One century ago American voters participated in a presidential election containing four candidates with four competing worldviews with radical implications for the future of the country.  Although we may only speculate about whether voters at the time realized the significance of that election, we can certainly look back with awe and wonder at the combination of personalities, politics, and policies proposed by the potential winners.

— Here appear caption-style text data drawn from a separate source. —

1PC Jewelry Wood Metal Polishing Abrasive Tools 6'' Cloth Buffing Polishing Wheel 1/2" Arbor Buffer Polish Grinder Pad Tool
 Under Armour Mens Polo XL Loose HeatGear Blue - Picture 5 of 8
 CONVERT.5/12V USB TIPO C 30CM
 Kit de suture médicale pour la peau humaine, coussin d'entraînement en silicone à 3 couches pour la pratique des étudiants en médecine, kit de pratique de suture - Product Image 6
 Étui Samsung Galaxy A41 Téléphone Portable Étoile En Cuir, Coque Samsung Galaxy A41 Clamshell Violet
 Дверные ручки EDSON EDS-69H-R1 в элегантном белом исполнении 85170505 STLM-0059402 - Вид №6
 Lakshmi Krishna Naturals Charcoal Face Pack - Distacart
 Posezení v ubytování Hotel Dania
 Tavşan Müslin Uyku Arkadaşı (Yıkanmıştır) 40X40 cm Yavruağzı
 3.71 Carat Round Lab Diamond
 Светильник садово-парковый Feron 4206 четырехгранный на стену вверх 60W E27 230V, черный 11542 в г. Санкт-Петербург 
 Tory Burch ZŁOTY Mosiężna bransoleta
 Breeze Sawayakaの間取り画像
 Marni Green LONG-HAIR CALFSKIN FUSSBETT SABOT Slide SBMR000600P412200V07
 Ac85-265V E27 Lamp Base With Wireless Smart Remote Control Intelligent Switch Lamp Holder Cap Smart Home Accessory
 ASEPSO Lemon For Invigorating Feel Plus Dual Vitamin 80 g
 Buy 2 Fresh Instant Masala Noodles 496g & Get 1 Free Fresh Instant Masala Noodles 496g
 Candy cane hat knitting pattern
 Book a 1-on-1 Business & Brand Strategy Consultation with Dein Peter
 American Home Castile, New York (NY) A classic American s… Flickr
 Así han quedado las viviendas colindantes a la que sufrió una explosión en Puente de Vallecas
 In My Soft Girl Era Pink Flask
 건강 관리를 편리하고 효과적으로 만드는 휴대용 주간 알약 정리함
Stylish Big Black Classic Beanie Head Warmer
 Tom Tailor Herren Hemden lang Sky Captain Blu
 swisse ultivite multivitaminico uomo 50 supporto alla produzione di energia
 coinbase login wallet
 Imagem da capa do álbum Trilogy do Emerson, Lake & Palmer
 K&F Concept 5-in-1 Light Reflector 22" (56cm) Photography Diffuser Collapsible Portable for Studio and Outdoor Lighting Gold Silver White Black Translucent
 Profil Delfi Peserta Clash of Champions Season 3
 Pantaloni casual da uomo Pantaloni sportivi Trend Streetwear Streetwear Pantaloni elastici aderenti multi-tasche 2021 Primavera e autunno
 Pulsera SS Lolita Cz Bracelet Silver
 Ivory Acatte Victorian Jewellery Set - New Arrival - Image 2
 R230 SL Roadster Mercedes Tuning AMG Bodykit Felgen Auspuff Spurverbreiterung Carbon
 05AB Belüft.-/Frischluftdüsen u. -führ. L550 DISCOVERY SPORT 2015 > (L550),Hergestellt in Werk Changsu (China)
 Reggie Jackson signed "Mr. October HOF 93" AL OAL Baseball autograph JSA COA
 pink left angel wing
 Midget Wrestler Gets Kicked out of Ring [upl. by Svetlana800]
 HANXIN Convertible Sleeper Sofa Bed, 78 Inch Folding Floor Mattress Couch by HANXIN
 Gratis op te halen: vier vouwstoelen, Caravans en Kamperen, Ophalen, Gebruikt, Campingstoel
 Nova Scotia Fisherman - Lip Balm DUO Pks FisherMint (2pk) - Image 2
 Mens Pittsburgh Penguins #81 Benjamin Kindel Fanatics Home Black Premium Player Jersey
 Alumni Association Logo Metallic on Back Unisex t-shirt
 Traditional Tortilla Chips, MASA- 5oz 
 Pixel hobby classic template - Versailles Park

Will the current election do the same?  Although the candidates vigorously argue that this election is crucial for answering the question of “which” road America will travel in the future, the average voter cannot help but feel that the sensationalistic rhetoric is empty.  Neither candidate (and there are only two, unfortunately) comes close to matching the force of personality that drove Teddy Roosevelt’s unexpected campaign for an unprecedented third term as president.  Although some claim that President Obama is an ideological heir to President Woodrow Wilson, whose visionary and idealistic internationalism planted the seeds for a post-WWII world (even though the modern UN leans more on a balance of power theory of stability), the president’s foreign policy has been part-idealistic and part-pragmatist.

The bifurcation of the Republican Party–due to the desire of some voters for the party to be more progressive–had drastic consequences for the future of the party and American politics and we may be witnessing some of the lasting effects today: the financial wing of the party continues to clash with the Tea Party and middle class elements asking more from their leaders than simple maintenance of the status quo (see, e.g., Governor Romney’s Jekyll and Hyde act in order to meet the needs of both while hopelessly failing to satisfy either completely).  And there is no candidate (or movement) to match the remarkable showing of the fourth-party candidate (Eugene Debs), who represented a budding crop of Socialist progressives.  Debs’ connection to voters, coupled with the forceful executive personalities of TR and Wilson, laid the groundwork for Roosevelt’s cousin (FDR) to radically alter the approach of the federal government–especially the executive–to nationwide problems.  Indeed, the 1912 election forever altered the political landscape in America.